Doué pour se mettre les pieds dans les plats, le personnage éponyme des Malheurs de Sophie est le plus coloré des jeunes héros issus de l'imaginaire de la Comtesse de Ségur. À l'invitation des Coups de théâtre, le Français Christian Duchange offre aux jeunes spectateurs québécois son adaptation d'Un malheur de Sophie. En transposant sur la scène l'histoire des petits poissons, il raconte la solitude de l'enfant happé par le goût du risque.

«Depuis deux saisons, je cherche à inventer de petits objets de théâtre, des miniatures qui sont légères, transportables et peuvent être joués à l'extérieur des théâtres», indique Christian Duchange.

 

«Toucher des populations qui ne se rendent pas facilement au théâtre.» Voilà une idée récurrente dans le discours de Christian Duchange et de sa compagnie L'Artifice, récompensés en 2005 du tout premier Molière Jeune public pour Lettre d'amour de 0 à 10. «La question du jeune public commence à prendre de la puissance chez nous. Mais c'est tout un travail», reconnaît celui qui promène ses spectacles, réalisés avec un minimum de moyens techniques, dans les salles de classe ou dans les bibliothèques.

Un malheur de Sophie est un spécimen parmi plusieurs de ces petits écrins d'une trentaine de minutes. Admiratif de l'écriture de la célèbre Comtesse de Ségur, Christian Duchange a choisi l'épisode où Sophie subtilise les poissons rouges de sa maman. Elle les découpe en morceaux et les sale ensuite. Pour enfin se rendre compte qu'elle les a tués.

«C'est une histoire très dure que la Comtesse de Ségur utilise pour essayer de moraliser l'éducation des enfants. Elle convoque ici une vraie cruauté, qui crée un sens pour les enfants parce que ce n'est pas mièvre. C'est aussi un très beau témoignage littéraire, qui mérite vraiment d'être actualisé», soutient le metteur en scène.
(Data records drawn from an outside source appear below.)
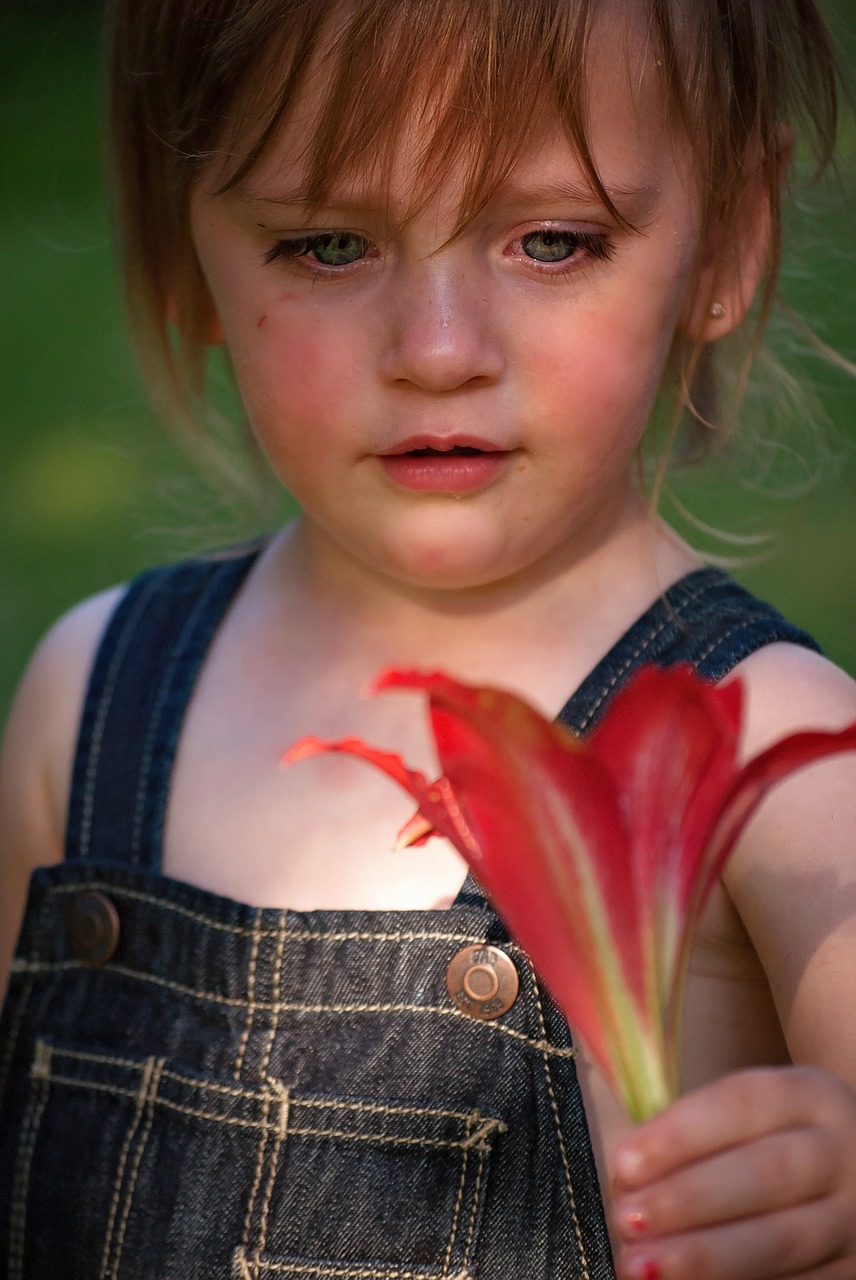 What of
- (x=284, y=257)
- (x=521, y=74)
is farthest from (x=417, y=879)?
(x=521, y=74)

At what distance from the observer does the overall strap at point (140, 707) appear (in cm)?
134

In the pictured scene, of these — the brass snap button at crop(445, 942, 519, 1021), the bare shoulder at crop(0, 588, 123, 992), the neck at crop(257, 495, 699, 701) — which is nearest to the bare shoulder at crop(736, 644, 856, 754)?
the neck at crop(257, 495, 699, 701)

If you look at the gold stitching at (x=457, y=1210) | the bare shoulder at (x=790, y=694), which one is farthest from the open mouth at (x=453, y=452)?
the gold stitching at (x=457, y=1210)

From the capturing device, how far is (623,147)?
1.09 metres

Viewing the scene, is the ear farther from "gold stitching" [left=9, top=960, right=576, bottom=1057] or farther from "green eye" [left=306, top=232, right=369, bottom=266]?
"gold stitching" [left=9, top=960, right=576, bottom=1057]

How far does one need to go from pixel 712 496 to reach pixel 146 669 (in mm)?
1508

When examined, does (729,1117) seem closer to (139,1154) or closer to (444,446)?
(444,446)

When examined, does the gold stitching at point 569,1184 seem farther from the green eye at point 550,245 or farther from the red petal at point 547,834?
the green eye at point 550,245

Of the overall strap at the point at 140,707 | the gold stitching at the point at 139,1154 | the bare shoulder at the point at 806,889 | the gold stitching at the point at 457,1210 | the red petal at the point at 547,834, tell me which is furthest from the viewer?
the overall strap at the point at 140,707

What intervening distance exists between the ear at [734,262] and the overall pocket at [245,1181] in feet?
2.03

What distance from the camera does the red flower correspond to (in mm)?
667

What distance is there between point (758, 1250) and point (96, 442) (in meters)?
2.56

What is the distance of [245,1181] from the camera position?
3.82ft

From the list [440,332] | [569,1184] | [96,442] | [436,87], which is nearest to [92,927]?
[569,1184] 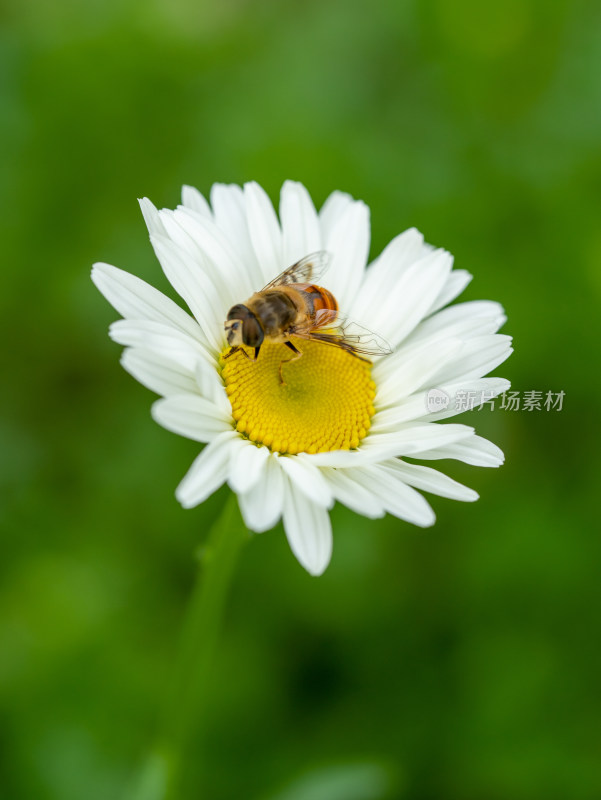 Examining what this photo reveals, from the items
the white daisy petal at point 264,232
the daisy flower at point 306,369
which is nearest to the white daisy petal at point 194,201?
the daisy flower at point 306,369

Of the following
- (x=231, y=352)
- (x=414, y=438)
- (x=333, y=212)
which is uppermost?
(x=333, y=212)

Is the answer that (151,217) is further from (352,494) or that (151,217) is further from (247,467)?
(352,494)

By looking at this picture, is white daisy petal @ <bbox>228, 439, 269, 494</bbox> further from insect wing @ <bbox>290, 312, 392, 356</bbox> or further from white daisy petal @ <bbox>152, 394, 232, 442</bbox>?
insect wing @ <bbox>290, 312, 392, 356</bbox>

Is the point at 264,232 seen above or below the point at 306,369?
above

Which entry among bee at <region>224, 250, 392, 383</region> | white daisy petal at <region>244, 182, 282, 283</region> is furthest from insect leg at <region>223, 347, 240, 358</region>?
white daisy petal at <region>244, 182, 282, 283</region>

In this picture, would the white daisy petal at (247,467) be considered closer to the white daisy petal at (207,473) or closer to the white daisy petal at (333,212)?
the white daisy petal at (207,473)

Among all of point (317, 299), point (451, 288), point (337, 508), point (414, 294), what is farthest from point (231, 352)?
point (337, 508)

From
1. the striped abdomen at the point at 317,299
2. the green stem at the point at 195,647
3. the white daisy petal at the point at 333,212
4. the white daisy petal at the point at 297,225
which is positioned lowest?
the green stem at the point at 195,647

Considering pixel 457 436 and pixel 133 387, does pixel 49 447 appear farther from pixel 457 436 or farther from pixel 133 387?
pixel 457 436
La noblesse de la Comtesse

Repris au cinéma et en dessins animés, les récits de la Comtesse de Ségur ont très rarement été portés à la scène. «J'ai l'impression que le théâtre nous permet d'aller plus loin dans la réflexion sur les limites, le désir, la cruauté», explique celui qui a choisi une comédienne adulte (Anne Cuisenier) pour jouer la reine des espiègles.

Aucun décor ni costume du XIXe siècle, mais une véritable plongée, par la comédienne, dans la question du désir comme moteur de l'existence.
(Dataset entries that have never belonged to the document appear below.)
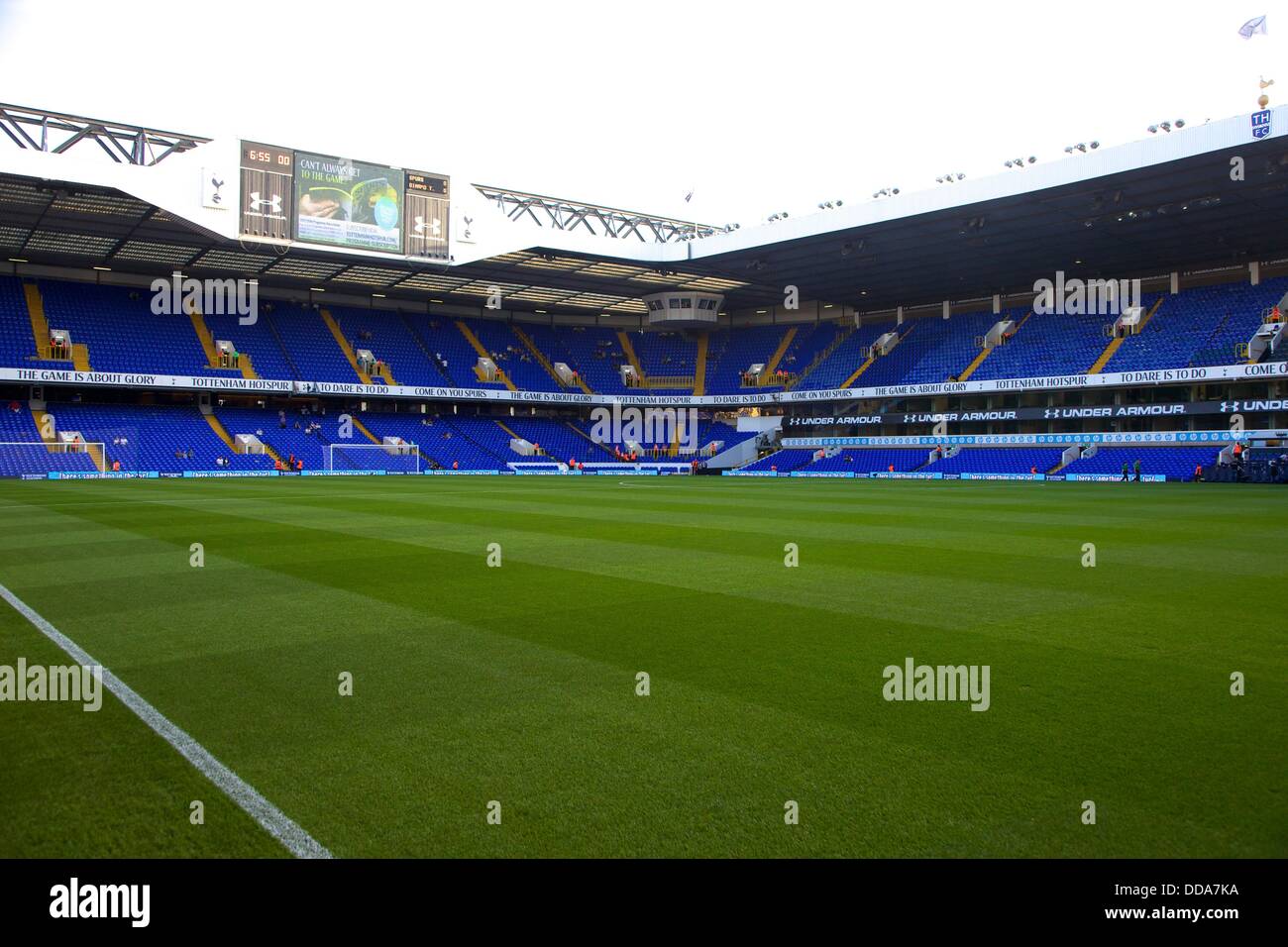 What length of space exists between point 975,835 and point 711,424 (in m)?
68.6

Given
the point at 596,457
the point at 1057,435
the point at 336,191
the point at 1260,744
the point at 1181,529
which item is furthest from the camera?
the point at 596,457

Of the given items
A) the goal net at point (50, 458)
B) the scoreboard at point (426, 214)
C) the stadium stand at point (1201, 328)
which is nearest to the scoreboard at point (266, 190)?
the scoreboard at point (426, 214)

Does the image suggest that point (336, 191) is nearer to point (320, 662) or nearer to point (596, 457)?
point (596, 457)

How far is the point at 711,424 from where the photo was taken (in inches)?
2859

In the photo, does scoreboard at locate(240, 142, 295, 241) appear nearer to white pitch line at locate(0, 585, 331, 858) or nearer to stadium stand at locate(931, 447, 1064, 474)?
stadium stand at locate(931, 447, 1064, 474)

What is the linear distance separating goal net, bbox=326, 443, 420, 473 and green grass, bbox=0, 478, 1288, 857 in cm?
4316

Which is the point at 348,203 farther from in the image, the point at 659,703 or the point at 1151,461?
the point at 659,703

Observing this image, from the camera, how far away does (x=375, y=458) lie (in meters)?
59.3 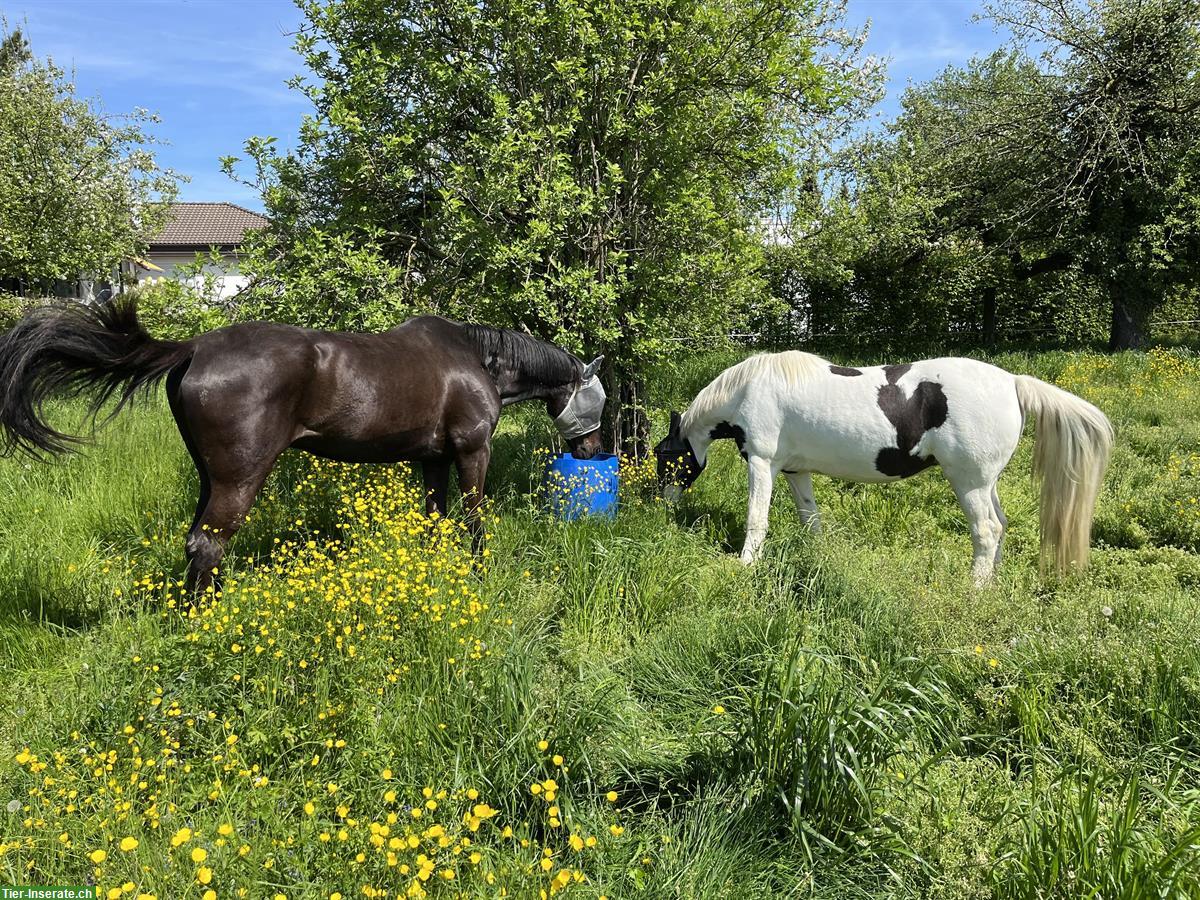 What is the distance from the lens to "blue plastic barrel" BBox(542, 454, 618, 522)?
198 inches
«Sophie incarne le rendez-vous de l'enfance avec la découverte du monde, qui passe par le risque, l'expérience des limites. Dans l'histoire des poissons, elle subit une punition morale qui est intéressante. Elle finit par avouer sa faute à sa maman. Du coup, celle-ci la félicite et lui dit qu'elle ne la disputera pas parce qu'elle a compris qu'elle avait fait souffrir les poissons.»

Mine de rien, Sophie fait écho au rapport à la liberté qui s'installe à l'enfance et aux apprentissages qui ne sont possibles qu'en enfreignant les règles. «Même si elle n'est pas punie par trois soirées sans télé, elle est travaillée par le remords, la culpabilité et la conscience d'avoir tué.»

Pendant que Sophie fera son malheur à L'Usine C, la Maison Théâtre prête sa scène à Christian Duchange en présentant Lettres d'amour de 0 à 10 ans. Un spectacle vu aux Coups de théâtre en 2005 et qui, résume Duchange, «raconte une rencontre de hasard entre deux enfants que tout oppose. Une belle histoire d'humanité et d'amitié.»

Dans Lettres d'amour, comme chez la Comtesse de Ségur, Christian Duchange touche à l'éternelle question du sens à donner à sa vie. Ce qui nous rappelle qu'on n'est jamais trop jeune pour les grandes quêtes existentielles.

Un malheur de Sophie, les petits poissons, extrait du livre de la Comtesse de Ségur publié en 1858, les 24 et 25 novembre, à 13h, et les 29 et 30 novembre, à 11h, à l'Usine C. Lettres d'amour de 0 à 10, à la Maison Théâtre jusqu'au 30 novembre.